L’après-match a été également tendu. Face au risque d’intrusion, des policiers ont été déployés sur la pelouse. Mais à l’extérieur du stade, les agressions de supporters ont repris. Ted Morris, le président de l’association des supporters handicapés de Liverpool, se souvient d’une "expérience terrifiante […], 400 mètres d’enfer avec tout le monde qui court pour sauver sa vie" et "pas un seul policier".

Enfin, le panel indépendant s’alarme de la suppression "automatique" des "enregistrements des 260 caméras du Stade de France" une semaine après cette sombre soirée du 28 mai 2022. "La direction du Stade de France n’a pris aucune mesure pour assurer la conservation, et personne d’autre – y compris les autorités françaises, l’UEFA ou la FFF – ne leur a demandé de conserver les images", écrit le panel.

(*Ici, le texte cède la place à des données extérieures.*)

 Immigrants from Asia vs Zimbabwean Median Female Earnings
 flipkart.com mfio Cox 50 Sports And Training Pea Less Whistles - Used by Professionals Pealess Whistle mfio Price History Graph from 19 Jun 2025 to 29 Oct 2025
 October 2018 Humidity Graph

Quelles conséquences après ce rapport ?

Au terme de ce réquisitoire, le panel formule "respectueusement" vingt et une recommandations, parmi lesquelles la nécessité pour les ministères de l’Intérieur et des Sports français de "réviser leur modèle de gestion" des événements sportifs ou de déployer les "forces anti émeutes (…) de manière exclusivement proportionnelle." Une sorte d’avertissement, alors que la France doit accueillir la Coupe du monde de rugby à l’automne 2023, mais surtout les Jeux olympiques à l’été 2024.

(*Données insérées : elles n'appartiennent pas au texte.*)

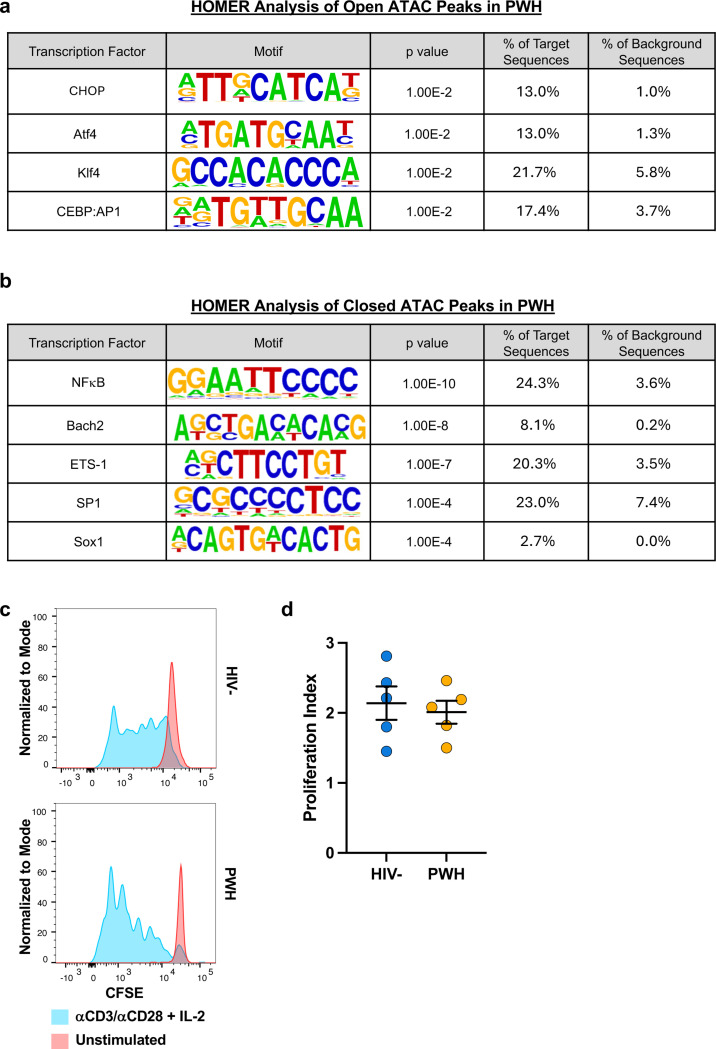 Extended data Figure 4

Liverpool dénonce la fuite du rapport

Quelques heures après la publication du rapport, le club a publié un communiqué cinglant dans la soirée de lundi. "Il est extrêmement décevant qu'un rapport d'une telle importance pour la vie et la sécurité future des supporters de football, soit divulgué et publié de cette manière, ont pesté les Reds. Cela fait plus de huit mois de travail par le panel indépendant et il est juste et approprié de publier le contenu du rapport à nos partisans de manière appropriée. Nous attendrons de recevoir une copie du rapport et de le digérer soigneusement avant de faire d'autres commentaires."